Indian actor (born 1984)

Barun Sobti is an Indian actor. He is known for his roles in Asur, Kohrra, Tu Hai Mera Sunday, Halahal, Raat Jawaan Hai, Tanhaiyan and Iss Pyaar Ko Kya Naam Doon. He has won the Filmfare OTT Award for Best Supporting Actor in a Drama Series for Kohrra in 2023 and for Best Actor in a Comedy Series for Raat Jawaan Hai in 2025 respectively.

== Career ==

Sobti made his television debut in 2009 as Swayam Khurana in Shraddha and subsequently appeared in a cameo role in Dill Mill Gayye. In 2010, he played Shravan Jaiswal in Baat Hamari Pakki Hai. He was well appreciated for his performance. He rose to prominence in 2011 with his portrayal of Arnav Singh Raizada in Iss Pyaar Ko Kya Naam Doon?, establishing himself as a leading television actor. In 2017, he headlined Iss Pyaar Ko Kya Naam Doon? 3, playing Advay Singh Raizada.

Sobti made his film debut with Main Aur Mr. Riight (2014) and later appeared in the highly critically acclaimed Tu Hai Mera Sunday (2017). Sobti portrayed Arjun Anand, a reserved young man navigating friendship and love in Mumbai. His performance was noted for its naturalism and understated vulnerability, aligning with the film's slice-of-life tone. Directed by Milind Dhaimade, the film premiered at international festivals and received positive critical response.
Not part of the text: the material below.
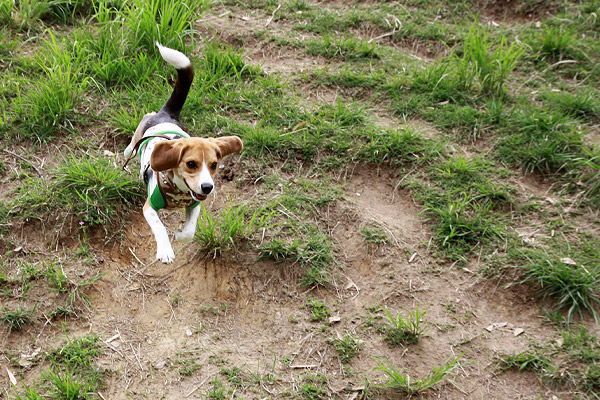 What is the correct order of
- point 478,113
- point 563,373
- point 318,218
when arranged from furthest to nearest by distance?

In 2019, he featured in a short film “Derma” and the sports drama 22 Yards where he played a sports agent. The film premiered at the Bay Area South Asian Film Festival (BASAFF) in 2018, where he won the Best Actor Award for his performance.
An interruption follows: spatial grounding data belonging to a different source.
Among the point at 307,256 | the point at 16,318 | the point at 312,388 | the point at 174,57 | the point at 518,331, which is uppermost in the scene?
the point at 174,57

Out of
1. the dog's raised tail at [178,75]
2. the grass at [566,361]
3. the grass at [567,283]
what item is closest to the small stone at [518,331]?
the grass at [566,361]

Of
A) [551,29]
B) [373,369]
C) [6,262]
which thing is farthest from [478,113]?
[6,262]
Transitioning to digital platforms in parallel, he starred in Gul Khan's Tanhaiyan (2017) and The Great Indian Dysfunctional Family (2018) helmed by Ekta Kapoor.

In 2020, Sobti portrayed Nikhil Nair in Asur, a former CBI forensic expert drawn into investigating ritualistic killings rooted in mythology. Across two seasons, the psychological thriller explored faith, morality, and justice, with Nikhil at its core. His restrained, layered performance was widely praised for capturing the character's inner conflict and psychological strain. The series marked a significant milestone in his digital career.
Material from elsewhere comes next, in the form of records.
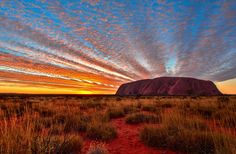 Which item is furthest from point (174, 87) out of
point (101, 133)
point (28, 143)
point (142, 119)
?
point (28, 143)

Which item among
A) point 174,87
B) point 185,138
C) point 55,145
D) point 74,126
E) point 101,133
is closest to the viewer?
point 55,145

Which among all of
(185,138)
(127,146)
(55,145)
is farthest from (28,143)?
(185,138)

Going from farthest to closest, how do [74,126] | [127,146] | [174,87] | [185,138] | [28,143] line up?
[174,87] → [74,126] → [127,146] → [185,138] → [28,143]

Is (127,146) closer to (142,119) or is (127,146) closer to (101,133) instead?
(101,133)

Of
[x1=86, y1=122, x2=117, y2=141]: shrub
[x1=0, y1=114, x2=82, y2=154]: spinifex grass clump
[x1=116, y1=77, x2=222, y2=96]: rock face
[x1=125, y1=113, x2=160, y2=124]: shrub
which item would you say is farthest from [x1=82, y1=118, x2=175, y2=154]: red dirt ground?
[x1=116, y1=77, x2=222, y2=96]: rock face

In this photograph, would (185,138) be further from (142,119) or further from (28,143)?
(142,119)

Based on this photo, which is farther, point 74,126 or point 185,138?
point 74,126

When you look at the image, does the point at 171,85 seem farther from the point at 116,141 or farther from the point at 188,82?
the point at 116,141

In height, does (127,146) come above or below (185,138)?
below

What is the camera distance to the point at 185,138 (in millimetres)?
3723

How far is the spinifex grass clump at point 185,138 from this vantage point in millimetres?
3166

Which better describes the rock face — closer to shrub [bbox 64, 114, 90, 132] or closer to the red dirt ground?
shrub [bbox 64, 114, 90, 132]

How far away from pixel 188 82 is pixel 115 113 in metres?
108

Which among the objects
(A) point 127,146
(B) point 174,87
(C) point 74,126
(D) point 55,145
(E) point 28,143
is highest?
(B) point 174,87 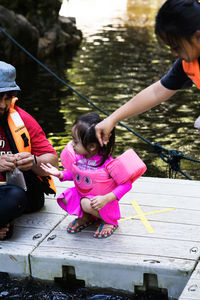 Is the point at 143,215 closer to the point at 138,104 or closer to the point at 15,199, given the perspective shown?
the point at 15,199

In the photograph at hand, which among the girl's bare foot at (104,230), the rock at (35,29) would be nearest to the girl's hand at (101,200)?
the girl's bare foot at (104,230)

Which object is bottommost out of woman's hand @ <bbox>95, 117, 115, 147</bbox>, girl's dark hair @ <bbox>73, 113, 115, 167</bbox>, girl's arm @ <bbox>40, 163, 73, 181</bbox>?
girl's arm @ <bbox>40, 163, 73, 181</bbox>

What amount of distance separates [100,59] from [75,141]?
11.5m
Later in 2020, Sobti starred in Halahal, a crime drama that premiered on Eros Now. The film is loosely inspired by real-life events surrounding medical admission scams in India. Sobti portrayed Inspector Yusuf Qureshi, a morally ambiguous and street-smart police officer who becomes involved in the investigation of a medical student's suspicious death. His performance was noted for its restraint and layered portrayal of a conflicted officer navigating a flawed system.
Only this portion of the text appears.